* _Directions_
If a line in the entries below holds the string "foto", copy it.

* _Data supplied_
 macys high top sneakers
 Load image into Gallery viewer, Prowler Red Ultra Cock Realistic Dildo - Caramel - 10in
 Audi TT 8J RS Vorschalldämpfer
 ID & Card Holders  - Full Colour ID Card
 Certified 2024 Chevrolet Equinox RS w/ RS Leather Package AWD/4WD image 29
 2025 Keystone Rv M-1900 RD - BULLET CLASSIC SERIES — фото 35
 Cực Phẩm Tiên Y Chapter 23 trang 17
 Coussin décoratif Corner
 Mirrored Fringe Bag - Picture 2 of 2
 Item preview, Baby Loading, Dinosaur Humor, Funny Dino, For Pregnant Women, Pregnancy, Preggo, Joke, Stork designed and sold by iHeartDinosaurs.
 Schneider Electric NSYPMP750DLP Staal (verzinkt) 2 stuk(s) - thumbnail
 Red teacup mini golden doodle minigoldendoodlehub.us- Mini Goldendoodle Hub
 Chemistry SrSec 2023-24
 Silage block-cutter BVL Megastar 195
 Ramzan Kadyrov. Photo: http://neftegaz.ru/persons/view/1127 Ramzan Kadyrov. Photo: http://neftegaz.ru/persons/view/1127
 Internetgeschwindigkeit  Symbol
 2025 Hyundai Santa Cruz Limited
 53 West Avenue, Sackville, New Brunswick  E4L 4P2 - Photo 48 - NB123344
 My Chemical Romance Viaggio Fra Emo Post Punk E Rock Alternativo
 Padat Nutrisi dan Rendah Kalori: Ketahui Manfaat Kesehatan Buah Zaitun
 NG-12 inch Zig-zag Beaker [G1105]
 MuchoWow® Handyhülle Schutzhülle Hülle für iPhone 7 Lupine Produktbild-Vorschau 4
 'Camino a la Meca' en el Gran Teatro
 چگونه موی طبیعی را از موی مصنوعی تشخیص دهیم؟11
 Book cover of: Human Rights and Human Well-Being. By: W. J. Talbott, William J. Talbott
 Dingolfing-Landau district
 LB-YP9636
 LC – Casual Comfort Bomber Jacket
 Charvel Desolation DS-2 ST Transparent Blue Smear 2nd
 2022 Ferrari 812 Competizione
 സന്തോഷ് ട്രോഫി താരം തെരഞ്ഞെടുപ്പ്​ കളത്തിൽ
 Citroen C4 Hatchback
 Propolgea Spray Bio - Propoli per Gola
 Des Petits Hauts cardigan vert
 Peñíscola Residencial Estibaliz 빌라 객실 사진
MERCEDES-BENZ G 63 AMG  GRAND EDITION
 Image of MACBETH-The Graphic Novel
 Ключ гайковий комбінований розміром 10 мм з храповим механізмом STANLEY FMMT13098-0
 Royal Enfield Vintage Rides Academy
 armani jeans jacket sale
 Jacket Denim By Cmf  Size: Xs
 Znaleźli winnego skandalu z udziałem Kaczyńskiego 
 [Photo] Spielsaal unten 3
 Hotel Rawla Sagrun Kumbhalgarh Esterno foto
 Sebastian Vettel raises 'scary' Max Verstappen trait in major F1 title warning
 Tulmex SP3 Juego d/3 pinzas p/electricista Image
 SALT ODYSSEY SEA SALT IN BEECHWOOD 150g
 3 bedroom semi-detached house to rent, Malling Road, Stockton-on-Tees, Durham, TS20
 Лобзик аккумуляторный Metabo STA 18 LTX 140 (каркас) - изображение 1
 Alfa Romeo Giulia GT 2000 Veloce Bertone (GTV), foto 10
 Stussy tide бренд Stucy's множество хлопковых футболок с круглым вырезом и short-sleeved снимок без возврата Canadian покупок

* _Result of this task_
 Hotel Rawla Sagrun Kumbhalgarh Esterno foto
 Alfa Romeo Giulia GT 2000 Veloce Bertone (GTV), foto 10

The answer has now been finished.